14 Mayıs Milletvekili Genel Seçimleri'nde AK Parti'den Samsun milletvekili seçilen, Genel Başkan Yardımcısı Çiğdem Karaaslan, Yusuf Ziya Yılmaz, Orhan Kırcalı ve Ersan Aksu, mazbatalarını aldı. Çıkışta gazetecilerin sorularını yanıtlayan AK Parti Genel Başkan Yardımcısı Çiğdem Karaaslan, 'Milli iradenin sandığa yansımasında göstermiş oldukları destek ve tavır için tüm milletimize teşekkür ediyorum' diye konuştu.
'BİZ HEP BÜYÜK TÜRKİYE ZAFERİ DEDİK'
Türkiye'nin önemli bir tarihi süreçten geçtiğini söyleyen Karaaslan, 'Meclis açısından milletimiz yine AK Parti'yi Cumhur İttifakı'nı çok yüksek bir teveccühle 323 milletvekilimiz ile birlikte TBMM çatısı altında temsil etme görevini bize vermiş oldu.

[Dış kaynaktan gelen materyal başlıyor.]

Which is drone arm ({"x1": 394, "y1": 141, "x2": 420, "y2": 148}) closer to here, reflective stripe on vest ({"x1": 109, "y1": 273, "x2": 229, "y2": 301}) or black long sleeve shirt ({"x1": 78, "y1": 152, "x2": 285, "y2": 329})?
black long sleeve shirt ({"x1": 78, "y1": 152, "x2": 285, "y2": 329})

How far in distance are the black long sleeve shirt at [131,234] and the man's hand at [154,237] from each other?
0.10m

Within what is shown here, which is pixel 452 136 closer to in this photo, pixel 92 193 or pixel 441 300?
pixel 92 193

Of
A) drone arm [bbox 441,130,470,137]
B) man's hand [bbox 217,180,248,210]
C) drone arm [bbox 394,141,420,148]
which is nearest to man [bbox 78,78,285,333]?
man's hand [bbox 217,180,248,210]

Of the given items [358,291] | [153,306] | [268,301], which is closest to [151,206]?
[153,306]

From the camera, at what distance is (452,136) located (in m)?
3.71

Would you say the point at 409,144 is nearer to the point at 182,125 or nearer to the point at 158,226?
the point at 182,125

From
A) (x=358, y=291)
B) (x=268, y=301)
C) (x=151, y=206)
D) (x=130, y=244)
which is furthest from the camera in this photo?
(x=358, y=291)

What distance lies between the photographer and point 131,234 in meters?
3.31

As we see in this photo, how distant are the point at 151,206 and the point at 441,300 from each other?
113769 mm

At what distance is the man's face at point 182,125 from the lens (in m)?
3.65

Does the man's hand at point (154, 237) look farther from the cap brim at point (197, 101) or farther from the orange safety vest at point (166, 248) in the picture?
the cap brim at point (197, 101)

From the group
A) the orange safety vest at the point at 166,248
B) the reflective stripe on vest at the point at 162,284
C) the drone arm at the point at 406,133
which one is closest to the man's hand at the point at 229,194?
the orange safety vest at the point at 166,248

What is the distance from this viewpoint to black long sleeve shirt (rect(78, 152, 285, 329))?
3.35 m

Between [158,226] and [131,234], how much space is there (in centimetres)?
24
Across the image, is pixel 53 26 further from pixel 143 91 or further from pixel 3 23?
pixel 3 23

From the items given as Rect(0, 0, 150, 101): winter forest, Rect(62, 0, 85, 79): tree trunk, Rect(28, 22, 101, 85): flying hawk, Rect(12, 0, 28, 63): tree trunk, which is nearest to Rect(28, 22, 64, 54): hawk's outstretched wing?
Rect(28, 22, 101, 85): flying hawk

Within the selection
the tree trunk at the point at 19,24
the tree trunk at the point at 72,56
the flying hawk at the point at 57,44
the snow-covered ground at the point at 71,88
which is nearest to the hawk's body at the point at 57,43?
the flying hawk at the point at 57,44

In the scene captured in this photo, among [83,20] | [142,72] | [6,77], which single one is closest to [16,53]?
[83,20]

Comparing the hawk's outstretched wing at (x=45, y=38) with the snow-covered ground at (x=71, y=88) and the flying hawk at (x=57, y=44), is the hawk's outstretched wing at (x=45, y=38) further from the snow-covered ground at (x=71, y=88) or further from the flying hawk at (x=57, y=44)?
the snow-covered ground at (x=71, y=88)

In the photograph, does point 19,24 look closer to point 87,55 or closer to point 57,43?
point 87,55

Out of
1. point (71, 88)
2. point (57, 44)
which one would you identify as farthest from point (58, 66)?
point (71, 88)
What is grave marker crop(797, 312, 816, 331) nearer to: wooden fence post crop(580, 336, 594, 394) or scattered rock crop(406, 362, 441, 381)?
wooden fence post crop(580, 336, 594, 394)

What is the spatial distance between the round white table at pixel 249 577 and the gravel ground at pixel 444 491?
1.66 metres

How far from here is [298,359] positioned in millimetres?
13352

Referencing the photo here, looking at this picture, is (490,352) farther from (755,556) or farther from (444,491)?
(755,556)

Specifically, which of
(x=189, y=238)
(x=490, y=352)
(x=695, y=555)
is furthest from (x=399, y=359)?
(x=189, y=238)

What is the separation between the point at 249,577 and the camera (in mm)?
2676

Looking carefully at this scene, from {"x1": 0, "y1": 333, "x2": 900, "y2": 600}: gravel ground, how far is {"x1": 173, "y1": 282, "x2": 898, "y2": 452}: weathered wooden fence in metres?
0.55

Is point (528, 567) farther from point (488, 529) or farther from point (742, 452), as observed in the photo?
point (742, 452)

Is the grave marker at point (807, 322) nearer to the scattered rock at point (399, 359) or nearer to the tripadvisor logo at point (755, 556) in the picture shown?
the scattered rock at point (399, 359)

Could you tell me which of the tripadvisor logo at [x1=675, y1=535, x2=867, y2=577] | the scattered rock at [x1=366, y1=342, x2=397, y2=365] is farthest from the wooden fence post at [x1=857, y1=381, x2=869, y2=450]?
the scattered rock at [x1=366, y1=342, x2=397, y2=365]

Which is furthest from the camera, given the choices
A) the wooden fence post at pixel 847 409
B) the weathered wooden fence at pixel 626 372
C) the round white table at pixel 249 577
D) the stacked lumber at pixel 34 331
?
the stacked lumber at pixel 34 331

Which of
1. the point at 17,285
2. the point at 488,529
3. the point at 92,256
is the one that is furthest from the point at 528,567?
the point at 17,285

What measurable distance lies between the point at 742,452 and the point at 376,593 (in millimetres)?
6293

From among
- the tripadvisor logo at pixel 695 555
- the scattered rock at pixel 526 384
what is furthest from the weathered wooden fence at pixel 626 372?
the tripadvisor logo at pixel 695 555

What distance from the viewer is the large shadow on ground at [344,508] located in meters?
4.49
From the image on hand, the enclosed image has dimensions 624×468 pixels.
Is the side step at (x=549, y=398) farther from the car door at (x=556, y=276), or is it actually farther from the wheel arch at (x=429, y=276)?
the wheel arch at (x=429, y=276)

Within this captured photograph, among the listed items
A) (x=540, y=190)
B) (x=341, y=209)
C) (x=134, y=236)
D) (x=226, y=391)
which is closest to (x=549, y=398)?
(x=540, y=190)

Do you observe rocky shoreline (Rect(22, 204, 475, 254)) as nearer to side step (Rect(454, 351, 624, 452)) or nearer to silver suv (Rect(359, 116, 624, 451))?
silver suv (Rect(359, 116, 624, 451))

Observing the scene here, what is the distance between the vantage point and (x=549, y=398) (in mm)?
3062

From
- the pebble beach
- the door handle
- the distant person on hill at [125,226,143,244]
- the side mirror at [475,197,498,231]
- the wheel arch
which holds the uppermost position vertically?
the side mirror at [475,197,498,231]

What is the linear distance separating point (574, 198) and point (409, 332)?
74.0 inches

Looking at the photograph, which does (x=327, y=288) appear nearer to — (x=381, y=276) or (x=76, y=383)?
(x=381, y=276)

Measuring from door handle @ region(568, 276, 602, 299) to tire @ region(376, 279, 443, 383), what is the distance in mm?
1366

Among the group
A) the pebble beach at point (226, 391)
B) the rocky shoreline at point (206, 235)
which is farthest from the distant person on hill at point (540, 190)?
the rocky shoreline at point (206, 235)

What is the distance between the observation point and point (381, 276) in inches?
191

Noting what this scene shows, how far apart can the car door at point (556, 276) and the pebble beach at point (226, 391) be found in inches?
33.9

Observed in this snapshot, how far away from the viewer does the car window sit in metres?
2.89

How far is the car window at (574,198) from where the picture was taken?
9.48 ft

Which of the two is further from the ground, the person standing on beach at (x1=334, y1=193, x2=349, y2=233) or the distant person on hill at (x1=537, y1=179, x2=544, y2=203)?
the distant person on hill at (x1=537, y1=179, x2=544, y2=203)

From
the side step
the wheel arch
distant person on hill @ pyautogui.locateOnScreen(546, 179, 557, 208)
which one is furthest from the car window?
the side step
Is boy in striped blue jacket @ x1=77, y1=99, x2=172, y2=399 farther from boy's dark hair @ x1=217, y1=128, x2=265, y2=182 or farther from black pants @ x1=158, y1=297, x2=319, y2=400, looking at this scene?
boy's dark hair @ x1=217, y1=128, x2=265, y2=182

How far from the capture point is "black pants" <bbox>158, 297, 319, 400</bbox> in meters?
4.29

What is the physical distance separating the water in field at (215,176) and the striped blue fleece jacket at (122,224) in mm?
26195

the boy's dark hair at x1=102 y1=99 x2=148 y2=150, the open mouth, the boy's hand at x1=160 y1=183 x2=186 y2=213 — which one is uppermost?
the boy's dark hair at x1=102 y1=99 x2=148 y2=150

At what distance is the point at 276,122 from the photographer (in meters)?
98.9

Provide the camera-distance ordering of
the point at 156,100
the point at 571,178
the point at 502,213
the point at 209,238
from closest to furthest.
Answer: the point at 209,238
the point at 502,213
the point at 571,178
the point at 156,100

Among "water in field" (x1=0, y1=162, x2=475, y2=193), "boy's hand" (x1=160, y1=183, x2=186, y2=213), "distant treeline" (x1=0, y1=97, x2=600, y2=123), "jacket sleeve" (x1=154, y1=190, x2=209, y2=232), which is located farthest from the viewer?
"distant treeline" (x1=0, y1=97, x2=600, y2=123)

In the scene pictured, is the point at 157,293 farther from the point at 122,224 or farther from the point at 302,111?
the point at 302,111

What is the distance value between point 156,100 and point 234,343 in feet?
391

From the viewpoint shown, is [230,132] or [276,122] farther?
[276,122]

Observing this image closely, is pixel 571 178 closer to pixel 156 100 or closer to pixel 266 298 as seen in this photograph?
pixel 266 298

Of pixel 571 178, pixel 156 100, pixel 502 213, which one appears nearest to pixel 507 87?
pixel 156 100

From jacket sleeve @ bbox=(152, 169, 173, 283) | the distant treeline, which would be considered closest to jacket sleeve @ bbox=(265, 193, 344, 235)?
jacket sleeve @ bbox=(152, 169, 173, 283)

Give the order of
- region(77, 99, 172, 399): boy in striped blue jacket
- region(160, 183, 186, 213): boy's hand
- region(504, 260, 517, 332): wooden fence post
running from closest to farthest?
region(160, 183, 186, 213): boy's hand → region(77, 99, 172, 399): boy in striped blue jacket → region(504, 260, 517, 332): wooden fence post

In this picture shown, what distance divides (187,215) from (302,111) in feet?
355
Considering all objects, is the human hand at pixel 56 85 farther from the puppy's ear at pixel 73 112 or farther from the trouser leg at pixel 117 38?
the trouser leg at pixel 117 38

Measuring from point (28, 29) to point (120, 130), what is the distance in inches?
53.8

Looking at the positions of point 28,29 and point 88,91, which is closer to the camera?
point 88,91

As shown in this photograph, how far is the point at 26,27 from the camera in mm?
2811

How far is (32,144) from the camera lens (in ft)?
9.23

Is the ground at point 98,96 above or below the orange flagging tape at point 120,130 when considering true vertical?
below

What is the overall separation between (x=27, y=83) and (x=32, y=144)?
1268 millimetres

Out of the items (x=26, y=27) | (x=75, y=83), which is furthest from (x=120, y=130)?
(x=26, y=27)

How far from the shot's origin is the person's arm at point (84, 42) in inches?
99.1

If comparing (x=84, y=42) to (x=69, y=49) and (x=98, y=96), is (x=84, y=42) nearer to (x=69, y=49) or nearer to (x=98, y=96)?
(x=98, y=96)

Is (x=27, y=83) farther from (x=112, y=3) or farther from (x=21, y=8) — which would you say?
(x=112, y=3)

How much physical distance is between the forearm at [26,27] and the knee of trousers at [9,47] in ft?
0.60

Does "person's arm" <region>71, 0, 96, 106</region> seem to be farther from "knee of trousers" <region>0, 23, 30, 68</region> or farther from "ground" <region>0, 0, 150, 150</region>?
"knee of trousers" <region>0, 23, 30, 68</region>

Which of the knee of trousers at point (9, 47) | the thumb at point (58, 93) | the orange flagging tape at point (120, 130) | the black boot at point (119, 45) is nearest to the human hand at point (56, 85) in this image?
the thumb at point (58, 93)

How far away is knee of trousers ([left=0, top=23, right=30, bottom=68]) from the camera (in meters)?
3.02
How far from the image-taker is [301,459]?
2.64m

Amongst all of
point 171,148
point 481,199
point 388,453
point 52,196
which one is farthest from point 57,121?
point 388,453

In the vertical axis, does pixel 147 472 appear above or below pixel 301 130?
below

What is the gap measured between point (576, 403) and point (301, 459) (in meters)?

Türkiye Cumhuriyeti demokrasisi gerçekten ağır bedeller ödemiş ve her zaman demokrasiye ve onun kazanımlarına sahip çıkmıştır. Bu kez de çok demokratik bir şekilde yüksek bir katılımla seçimler gerçekleşti. Sonucunda, Cumhurbaşkanımız Recep Tayyip Erdoğan'ın dünya tarihinde görülmeyecek bir teveccühle ve destekle birlikte yeniden cumhurbaşkanı seçilmesiyle neticelendi. Biz hep büyük Türkiye zaferi dedik ama bu yalnızca bize oy verenlerin değil, aslında bir büyük millet olarak hepimizin kazanacağı bir seçim ve zafer sürecini tayin ettik. Hamdolsun öyle de neticelendi' dedi.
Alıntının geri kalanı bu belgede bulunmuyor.